Il Comune di Pisa ritira il patrocinio a “Quello che le donne vogliono…”, la Provincia no. Ancora una volta, in questa città, un evento commerciale viene scambiato per cultura.

Apprendiamo con soddisfazione la notizia che il Comune di Pisa intende ritirare, anche a seguito della richiesta di “una città in comune”, il proprio patrocinio alla manifestazione commerciale “Quello che le donne vogliono…”, che si terrà nei prossimi giorni alla Stazione Leopolda, per la promozione e la vendita di prodotti per la bellezza e il fitness.

In una nota del 29 marzo “una città in comune” aveva già espresso tutta la propria contrarietà alla scelta di patrocinio operata da Comune e Provincia verso un evento commerciale che, sin dal titolo, proponeva un’immagine stereotipata della realizzazione femminile, esclusivamente basata sulla cura del corpo e dell’estetica.

Il ritiro del patrocinio annunciato oggi dall’assessora alle Pari Opportunità Marilù Chiofalo è tardivo, e rimedia solo in parte al danno fatto, dal momento che il nome del Comune di Pisa comparirà in ogni caso sulle locandine e sui manifesti già affissi e che l’evento si svolgerà tra pochi giorni.

Nessun ritiro del Patrocinio invece da parte della Provincia, il cui capo di gabinetto Alessandro Caprai ha dichiarato che l’iniziativa non presenta “elementi discriminatori che ci possano indurre a revocare il patrocinio” e che “il commento sullo stereotipo di genere è una valutazione politica, che però in questo caso non facciamo perché non si tratta di un’iniziativa espressamente politica o discriminatoria nei confronti di qualcuno.”

Stupefacenti e gravi ci sembrano le parole di Caprai, che presuppongono, per le manifestazioni commerciali, una sorta d’immunità da qualunque valutazione di correttezza e opportunità del messaggio tramesso. Al contrario, un ente pubblico, prima di patrocinare un evento, dovrebbe considerarne a fondo la valenza culturale e sociale: evidentemente l’Amministrazione Provinciale preferisce ignorare la forza d’impatto con cui i modelli dei brand commerciali influenzano la mentalità maschile e femminile, nonostante il parere contrario espresso dall’assessora provinciale alle Pari Opportunità Anna Romei.
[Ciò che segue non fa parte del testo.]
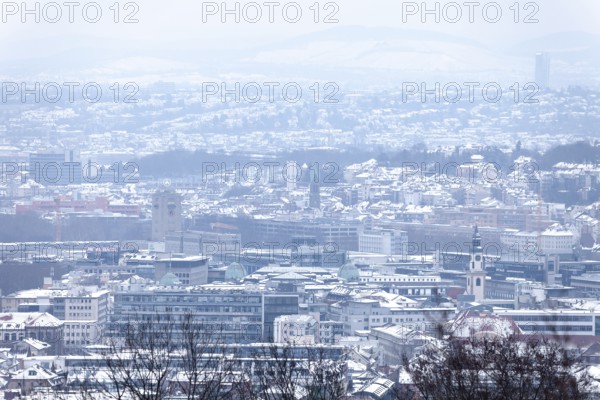 March 18, 2018, winter view with snow toward city center with station and tower from Mount Scherbelino, Stuttgart, Baden-Württemberg, Germany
In un’intervista a Paginaq, l’assessora comunale Chiofalo ha attribuito la decisione iniziale di concedere il patrocinio ad un “grossolano errore di comunicazione”, sostenendo che era stato richiesto agli organizzatori che “il contenuto dei manifesti rispecchiasse in modo preciso la distinzione tra la parte commerciale e quella di sensibilizzazione sociale”. Una volta visti i manifesti e la campagna pubblicitaria, Chiofalo si sarebbe infastidita, perché la comunicazione fatta “non rispecchia i nostri valori di genere”. Alla luce di queste affermazioni dell’assessora, comprendiamo forse meglio l’origine di tutto questo pasticcio. L’errore compiuto dall’Amministrazione è alla radice, e consiste nell’idea che un’amministrazione pubblica debba affidare le pratiche di sensibilizzazione sociale ad eventi dotati invece di una pura finalità commerciale. Sarà quindi utile ricordare all’assessora e all’Amministrazione nel suo insieme che la cultura, e la cultura di genere non fa eccezione, non può essere delegata a soggetti privati il cui ultimo interesse è il profitto. La “sensibilizzazione sociale”, di cui parla l’assessora, nelle mani delle aziende è solo, in buona sostanza, pubblicità.